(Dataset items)
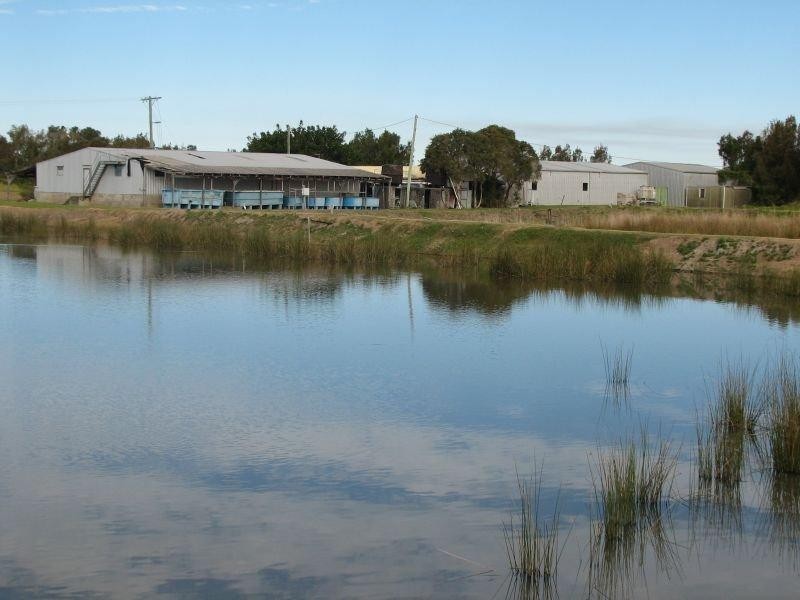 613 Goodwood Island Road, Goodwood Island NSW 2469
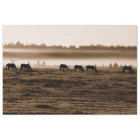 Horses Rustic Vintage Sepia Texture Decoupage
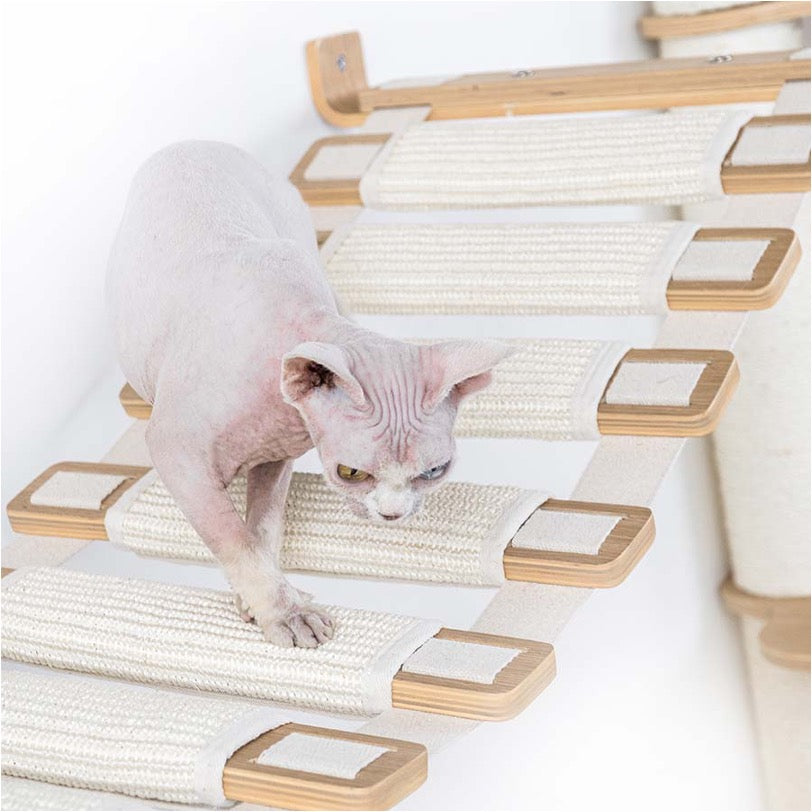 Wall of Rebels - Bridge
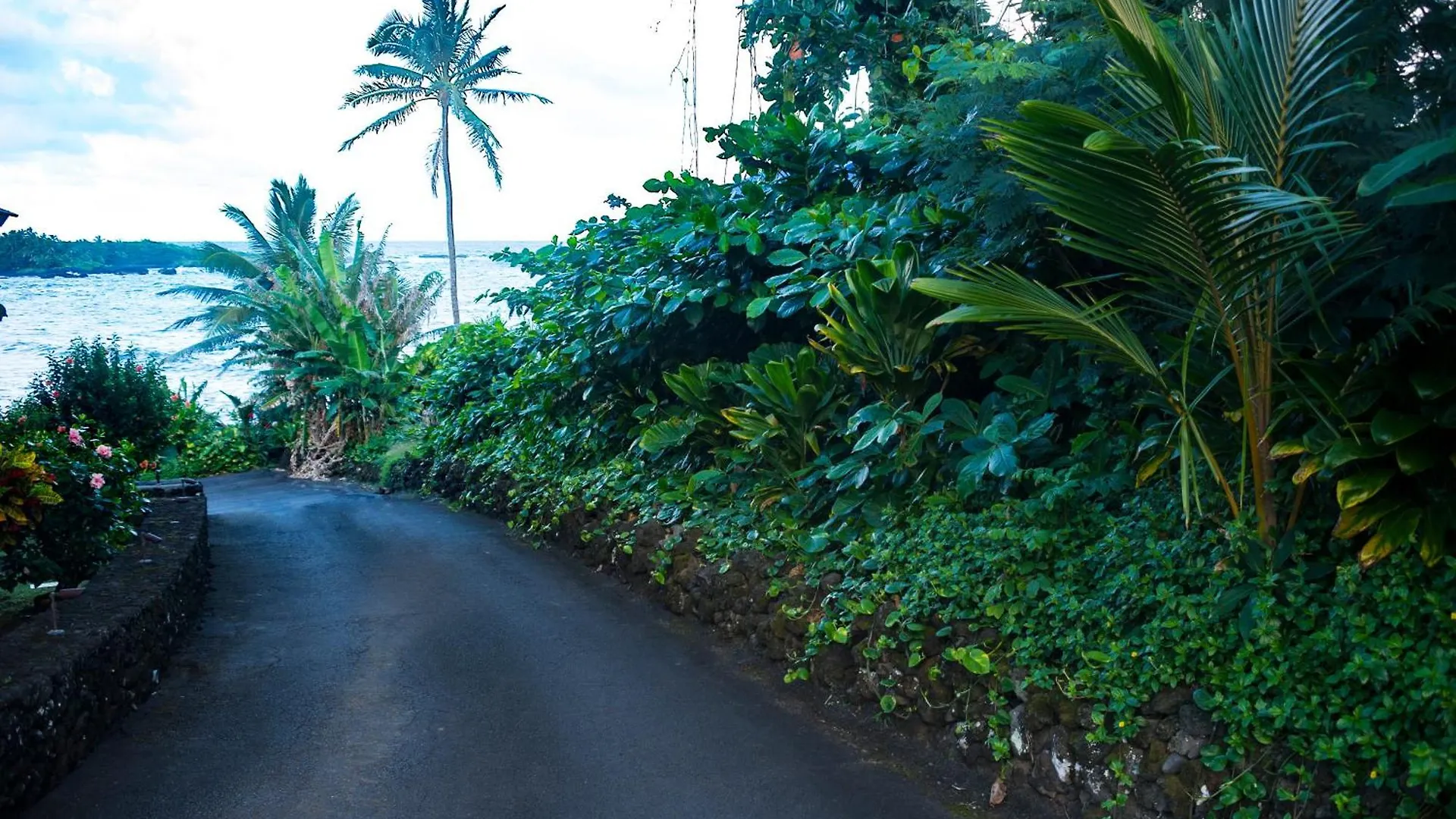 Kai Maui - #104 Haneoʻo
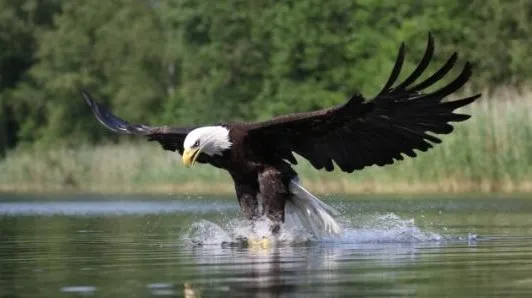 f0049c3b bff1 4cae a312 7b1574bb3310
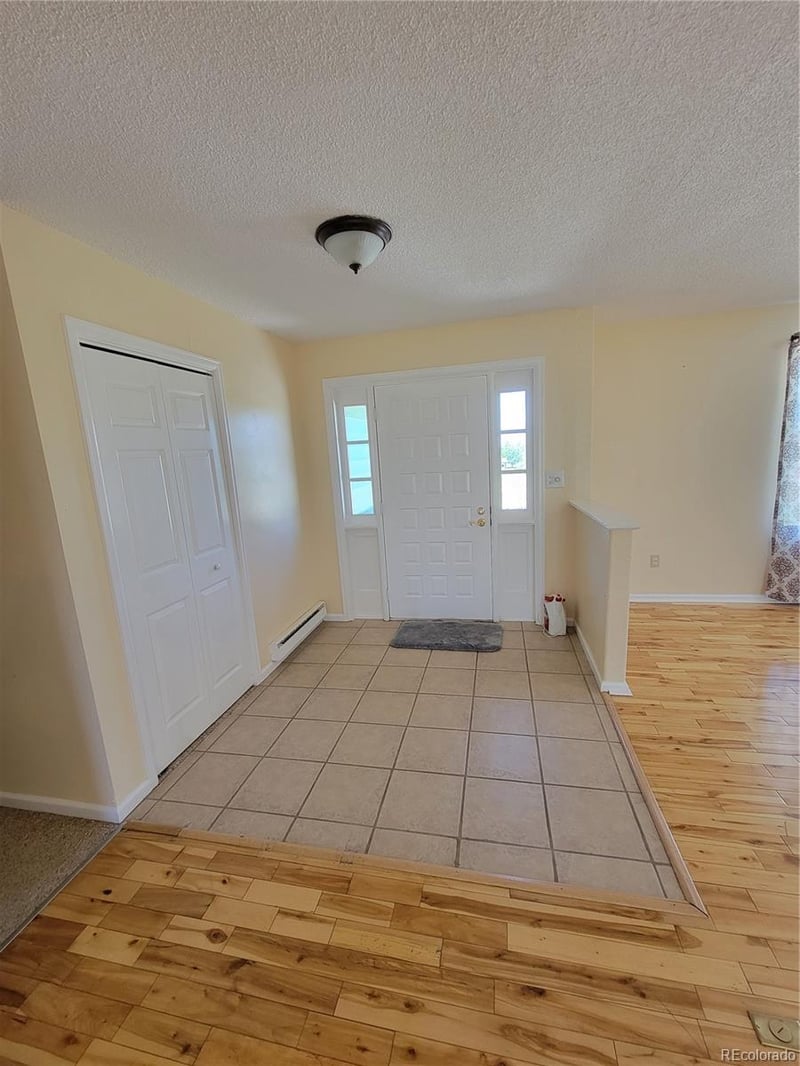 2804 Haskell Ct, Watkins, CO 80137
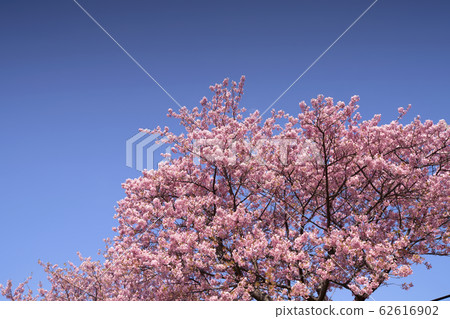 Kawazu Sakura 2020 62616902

▶ _PROMPT_
Repeat every record above exactly, but leave out any pictures.

▶ _EXERCISE ANSWER_
 613 Goodwood Island Road, Goodwood Island NSW 2469
 Horses Rustic Vintage Sepia Texture Decoupage
 Wall of Rebels - Bridge
 Kai Maui - #104 Haneoʻo
 f0049c3b bff1 4cae a312 7b1574bb3310
 2804 Haskell Ct, Watkins, CO 80137
 Kawazu Sakura 2020 62616902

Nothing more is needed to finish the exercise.